Originally published in Uber Chronicles: One Driver, 35 Rides, Countless Stories.
I’m on the highway heading home now. A ride request comes in. I take it.
I’m headed to a Walmart to get my passenger. He calls right away. His voice is gentle, masculine and lovely. He asks me if his bike can fit in the back seat of my car. I tell him, No, it can’t. Pause. Pause. Pause. But it can fit perfectly on… my… bike rack!
He’s easy to spot outside of Walmart. He is standing next to a brand new bike. I start the ride then get out and help him secure his bike on my bike rack.
He’s Black, mid to late 20s; he has a slight build and he’s not very tall. But, my oh, my, does he have luscious big eyes and his voice is rich with character. His bike now secured on the rack, he says it was fate that I had a bike rack. I agree.
He purchased the bike mostly to get from his apartment to a nearby Metro station for his trip to and from work each day. He’s a graphic designer and works for a company that makes Irish dancing outfits. He interned there first and now works there full time. He was a camp counselor before, which was something on his bucket list, he tells me.
Key experience: It was fate. How many Uber drivers drive around with bike racks on their cars? Getting my bike rack on and off my car is such a hassle; it’s a two-person job and quite challenging to do by myself. I don’t know how I’m going to Uber in the summer because I like having my bike rack on my car and at the ready. I know my car trunk should be free in the event I pick up a person or two headed to the airport with a lot of luggage (that hasn’t happened yet), or a mom with two kids and a dozen-plus bags from the grocery store (that has happened).
A side story regarding my bike
I purchased a new bike a few weeks ago, but will be returning it shortly and exchanging it.
The day I picked up my bike, the store owner was helping me 1) get my bike rack onto my car and 2) get my bike secured, when a strange—and I mean strange!—older woman came up to my car and stood there waiting for me. I looked at the bike shop owner and saw an odd look on his face; I told him I was ok and went to speak with her. He went back into the store.
This woman had frizzy gray hair dyed clown-red red. Not regular red, or auburn red, but clown red. She was wearing all black, head to toe, and had a cinched waist. She was probably in her 70s. Foreign, maybe Romanian or something. Kind of gypsy-like. She had a severe underbite and terribly damaged, rotten and uneven teeth.
I looked at her. Clearly she wanted to speak with me. She told me my bike was connected to the macabre; that its energy was dark; that I was going to be injured if I rode that bike. I told her, No, I’m not! She said she was a practitioner of the astrologica, of the occult, and that she was warning me of danger.

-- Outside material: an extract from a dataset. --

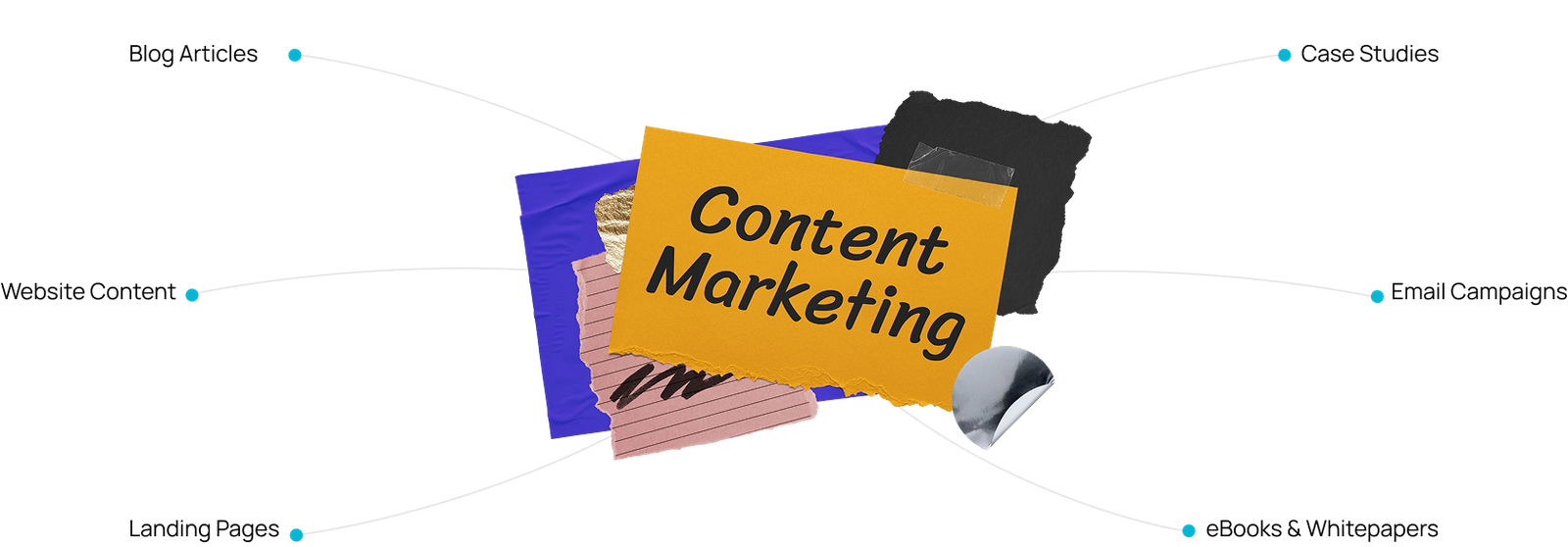 Content Formats We Excel At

I thanked her then got in my car and tried to shake it. I don’t consider myself superstitious, but that just wasn’t a fun experience. The more I looked at it though, I had to recognize that I didn’t love the bike I’d purchased. I’d test-driven another bike months prior, a light silver-colored bike, kind of feminine and pretty, but when I went to purchase my bike, a different bike was on sale. That bike was all-black, and it was a savings of about $150. A better deal, right?
Even when I was purchasing the on-sale bike I wondered if car drivers would see me on an all-black bike and if I’d be able to find my bike among many parked bikes at a festival or large event. In other words, this woman—this very strange woman—gave words (maybe not the words I would have used) to address the energy I had around the bike: You’re a compromise, dear black bike. I’m not happy with you. I’ll never love you the way I could love another.
I told the bike store owner about the lady with the clown-red hair and her dark predictions for me and the black bike. He agreed that that was a pretty odd experience, and he was fine with me returning the cursed (to me) bike and upgrading to the pretty silver bike I liked more. He also said he had never seen that woman in the parking lot area, not before, nor since.
So while I’d hoped to purchase my new bike with a $600 new-driver bonus from Lyft, I didn’t earn the bonus because, well, simply enough, I didn’t accumulate the number of rides I needed to qualify for it. But I did purchase the bike I wanted, and it rides like a dream. It’s also, thankfully, easy for me to lift and move. I’m very happy with it. Light, silvery, smooth. I fly on it like angels’ wings. The dark bike with its cursed connection to me is back in the store, hopefully ready to make some other rider very happy that they found the perfect bike for them…and on sale, no less!